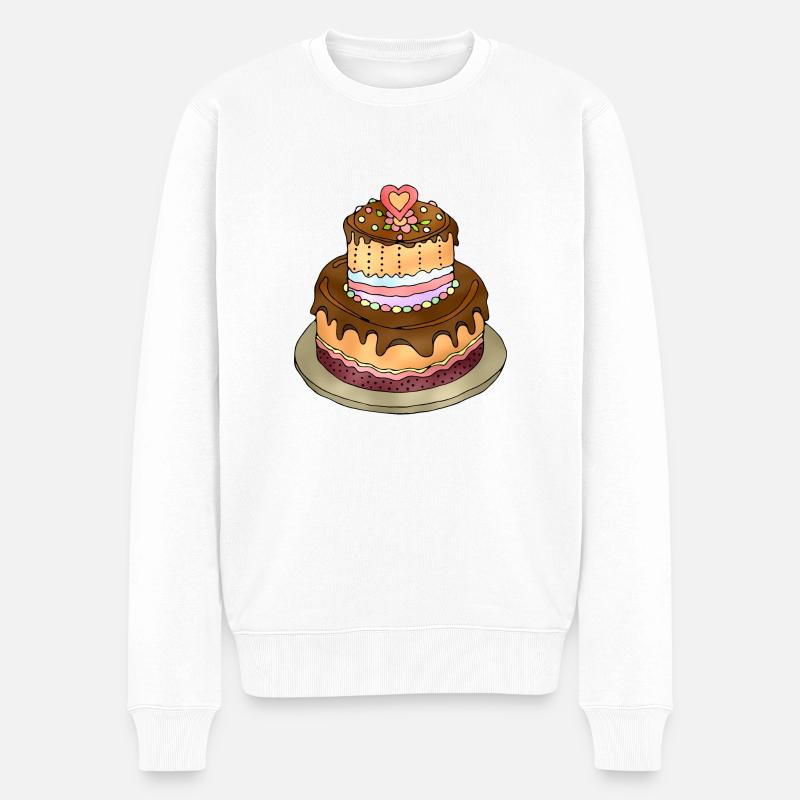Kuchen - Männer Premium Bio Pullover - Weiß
•••
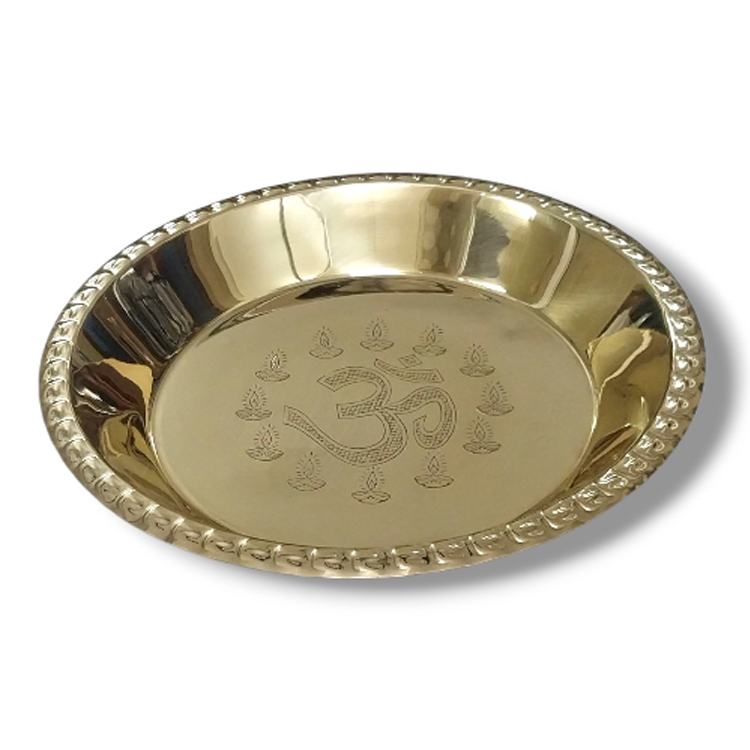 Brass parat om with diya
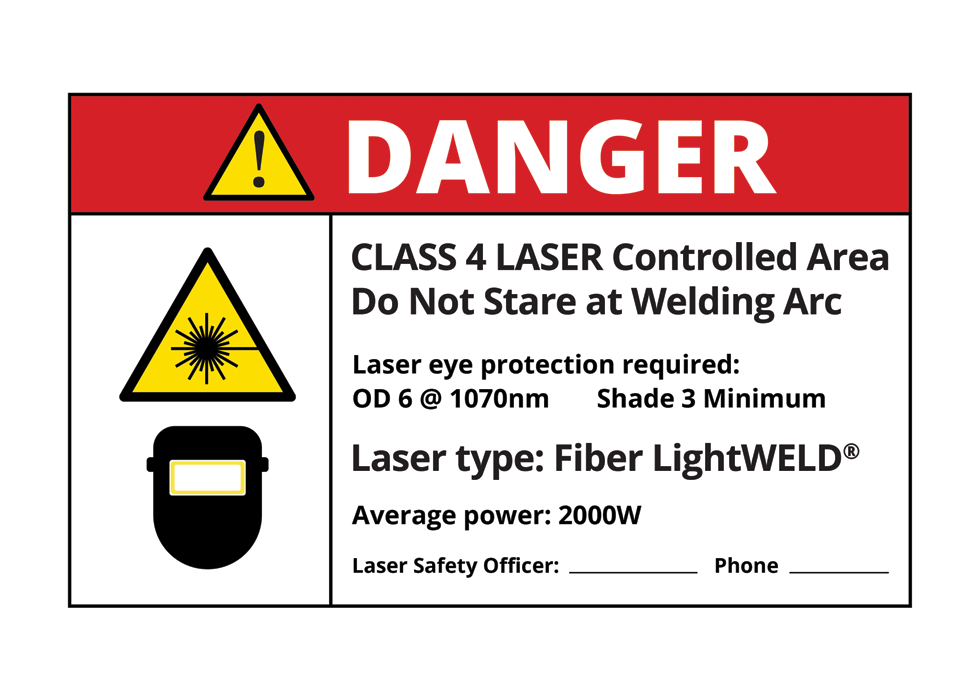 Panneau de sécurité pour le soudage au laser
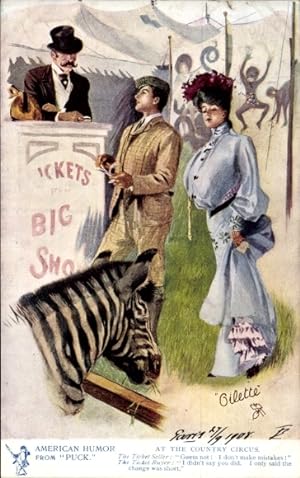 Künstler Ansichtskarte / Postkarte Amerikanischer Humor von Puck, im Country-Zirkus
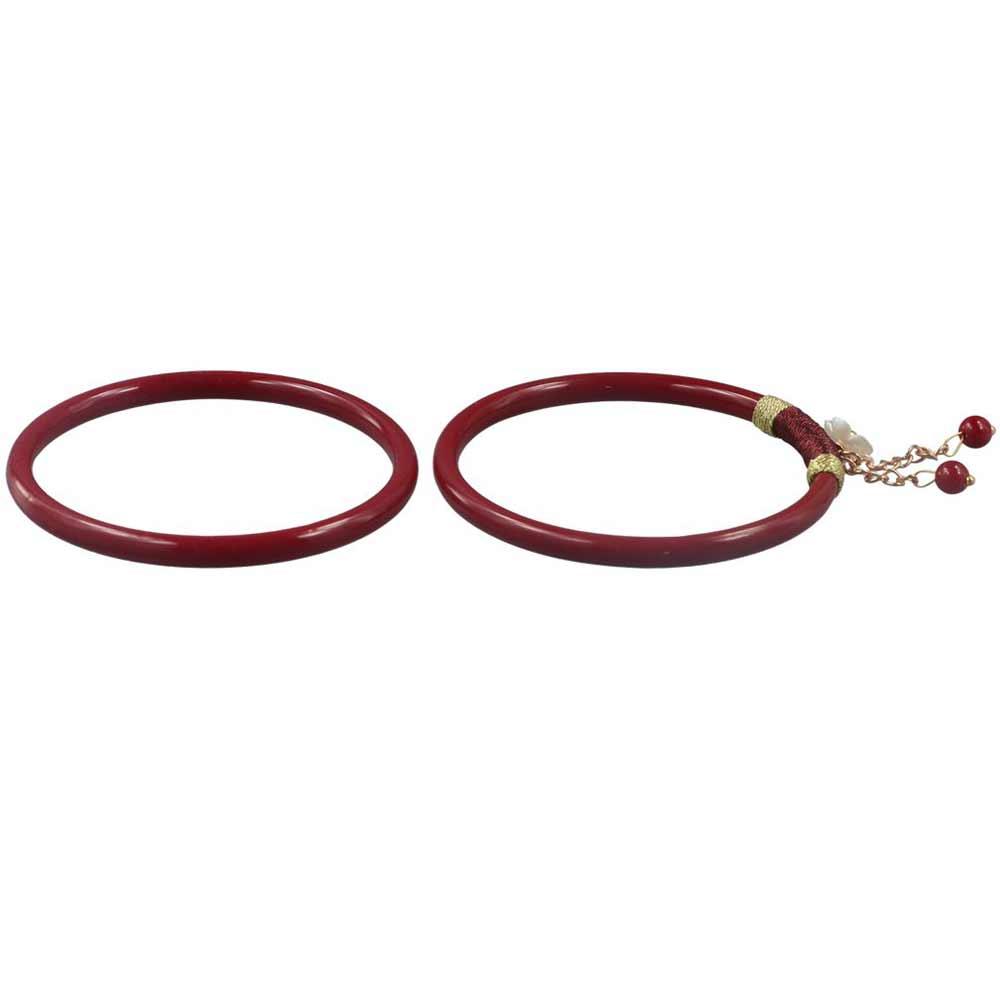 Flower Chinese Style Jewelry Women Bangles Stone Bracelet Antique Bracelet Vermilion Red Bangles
•••
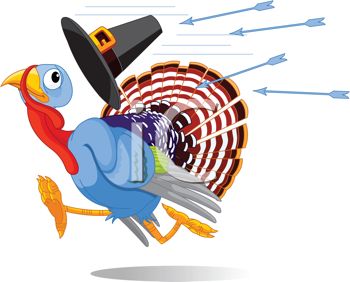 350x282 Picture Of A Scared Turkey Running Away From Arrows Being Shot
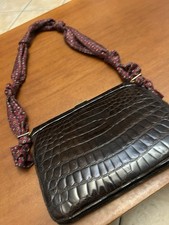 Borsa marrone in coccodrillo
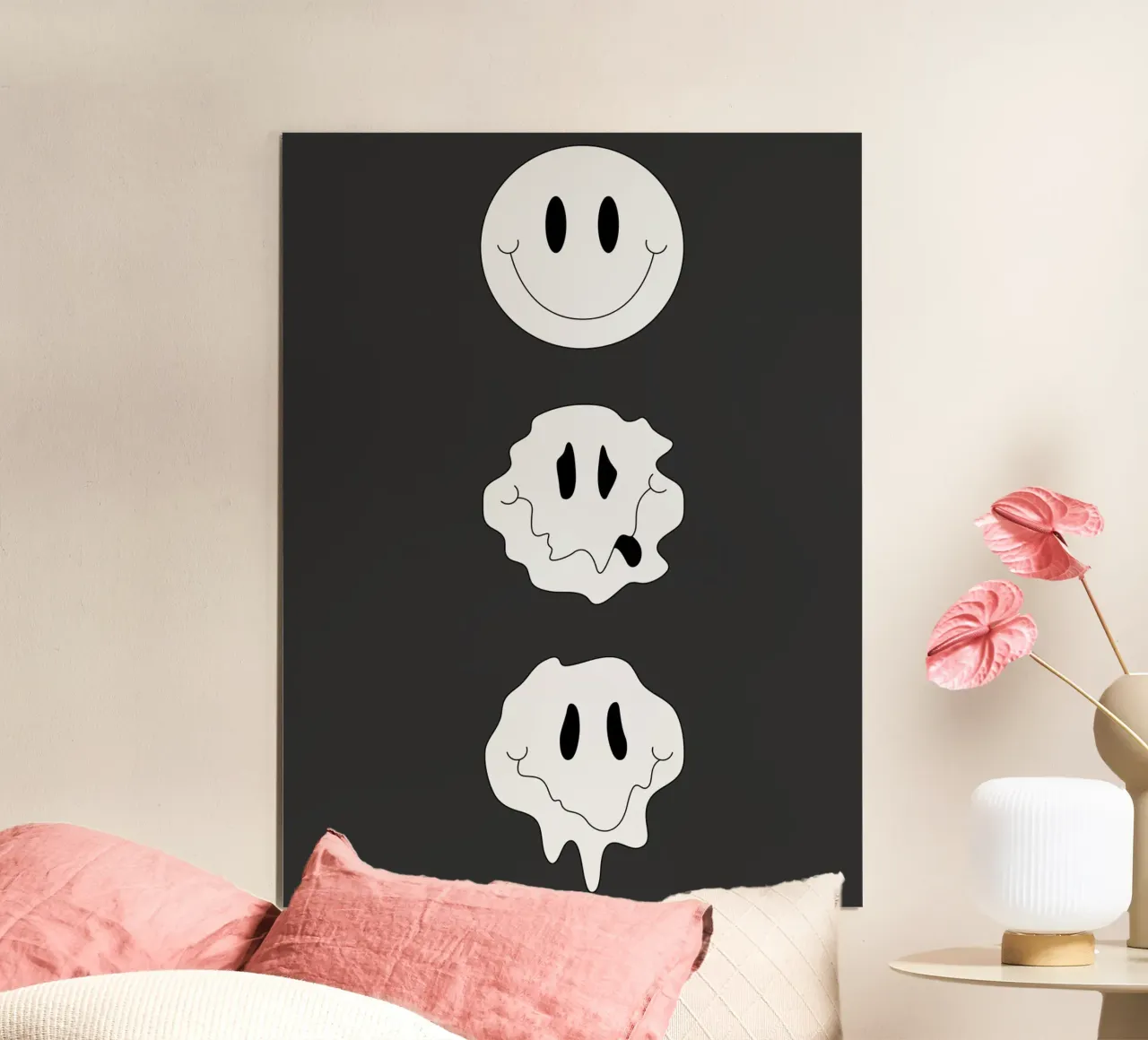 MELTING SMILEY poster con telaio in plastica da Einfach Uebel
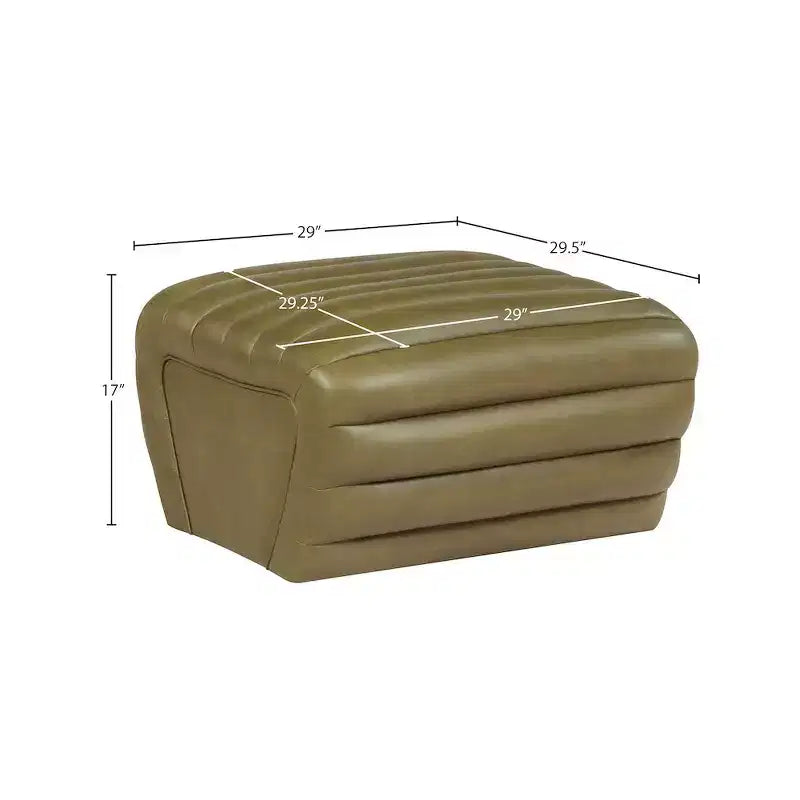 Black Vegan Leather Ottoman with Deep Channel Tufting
•••
Pictures excluded, reproduce only the part above that opens with the line holding "Borsa marrone in coccodrillo" and closes with the line holding "Black Vegan Leather", exactly as written.

SOLUTION:
 Borsa marrone in coccodrillo
 MELTING SMILEY poster con telaio in plastica da Einfach Uebel
 Black Vegan Leather Ottoman with Deep Channel Tufting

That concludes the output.